The above sketch is intended rather to draw attention to a people well worthy of study than to form an exhaustive account of their manners and customs. In language, in dress, in religion, and in customs, they represent in the nineteenth century a living picture of that peasantry amongst whom Christ went about doing good; and, indeed, the resemblance is equally striking when they are compared with the earlier inhabitants of the land, from the days of Samuel downwards; and the parallel is so remarkable that it seems justifiable to dub the Fellahîn by the simple title of “modern Canaanites.”
CHAPTER XXII.
THE BEDAWÎN.
THE last two chapters have been devoted to the settled population of the villages in Palestine, the antiquity of the race being evidenced by the language and customs. The peasantry must not be confounded with the Bedawîn or nomadic tribes, living in the uncultivated districts; for the two nations are quite separate branches of the Semitic people, and they themselves acknowledge the distinction. The Bedawi speaks with the greatest contempt of the Fellâh, and rarely, if ever, do intermarriages occur, as both sides would consider themselves degraded by the alliance. The Fellahîn call the nomadic people Arabs, and the nomads call themselves Bedawîn, both names being derived from their place of abode—the wild lands of the broad southern and eastern plateaux.
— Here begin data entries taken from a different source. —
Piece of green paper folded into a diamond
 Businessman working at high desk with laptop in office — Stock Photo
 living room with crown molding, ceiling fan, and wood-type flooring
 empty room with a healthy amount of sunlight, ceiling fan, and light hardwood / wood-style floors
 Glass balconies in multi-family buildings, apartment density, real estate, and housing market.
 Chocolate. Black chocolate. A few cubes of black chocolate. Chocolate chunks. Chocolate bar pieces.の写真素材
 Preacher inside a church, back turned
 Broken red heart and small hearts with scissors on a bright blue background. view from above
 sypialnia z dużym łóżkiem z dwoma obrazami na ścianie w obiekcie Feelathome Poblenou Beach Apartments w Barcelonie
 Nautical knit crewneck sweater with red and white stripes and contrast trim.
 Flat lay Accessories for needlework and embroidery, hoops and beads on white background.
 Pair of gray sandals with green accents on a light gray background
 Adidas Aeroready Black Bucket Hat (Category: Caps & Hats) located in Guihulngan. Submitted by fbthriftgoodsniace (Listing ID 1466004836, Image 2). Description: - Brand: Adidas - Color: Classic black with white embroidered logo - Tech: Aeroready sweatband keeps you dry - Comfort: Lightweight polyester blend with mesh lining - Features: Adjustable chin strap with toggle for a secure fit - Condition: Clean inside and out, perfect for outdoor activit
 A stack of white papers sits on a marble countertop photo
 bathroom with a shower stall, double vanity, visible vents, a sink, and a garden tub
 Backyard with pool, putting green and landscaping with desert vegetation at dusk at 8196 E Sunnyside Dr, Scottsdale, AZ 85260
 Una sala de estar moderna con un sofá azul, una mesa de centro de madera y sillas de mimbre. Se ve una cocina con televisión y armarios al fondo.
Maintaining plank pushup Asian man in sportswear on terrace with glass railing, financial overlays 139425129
The narrow peninsula of cultivated hills, in which the settled population lives, is surrounded by the broad sea of desert, over which the Arab delights to roam. Thus from the great Moab plateau and from the mountains of Gilead, from the southern Desert of Wanderings, and from the western plain of Sharon, the wave of nomadic life is constantly lapping against the mountains of the Fellahîn. This wave has its ebb and flow, which even in the last five years has been very marked. In time of peace the Government is strong, and the Arabs are driven back to the deserts; but in time of war the outlying encampments of the great eastern and southern tribes encroach upon the village lands, and the armed horsemen extort blackmail from the border towns and hamlets. On the whole, however, the settled people seem to be gaining ground, and especially in Lower Galilee; in the Sharon Plain the Bedawîn are mere shadows of their forefathers, only a few miserable tents of degraded Arabs, whom the peasants call “cousins of the gipsies,” being left to represent the once powerful tribes which, under Akil Agha, were the terror of Palestine. These small encampments, surrounded as they are in Philistia by the arable land, resemble the pools left by the retreating tide on the shore of the sea, which, unless the wave return, must gradually disappear.
The time-honoured conflict between two races is noticed, as it is almost unnecessary to observe, in the Bible records. The Arabs are mentioned in the Old Testament (Neh. iv. 7), and the hosts of Midian, with their countless camels, were no doubt the ancestors of the modern Bedawîn. The nomadic people are most interesting to the student of the earlier Jewish history, before the consolidation of the nation in Samuel’s time; for if among the peasantry we find a vivid picture of the life and customs of the later period, it is from the Bedawîn that we learn most that can throw light on the Patriarchal times, and on the life of Abraham and of his immediate descendants.
A study of the Arabs is carried on under difficulties west of Jordan. The great tribes are found either east of the river, or in the desert of the Tih, and in order to form a really good estimate of Arab character, it would be necessary to live in these remote districts for many years, following the migrations of one of the great tribes. The Arabs of the Jordan Valley are probably not of pure blood, and seem in some cases to have been mixed up with negroes, flying to the deserts from Damascus and other towns. The tribes are very small and scattered; many are offshoots of the Sugr and ’Anezeh nations, whose countless tents stretch away far into the Eastern desert; others have migrated from the north, and one tribe—the Tâ’amireh—is of Fellâh origin, though now nomadic.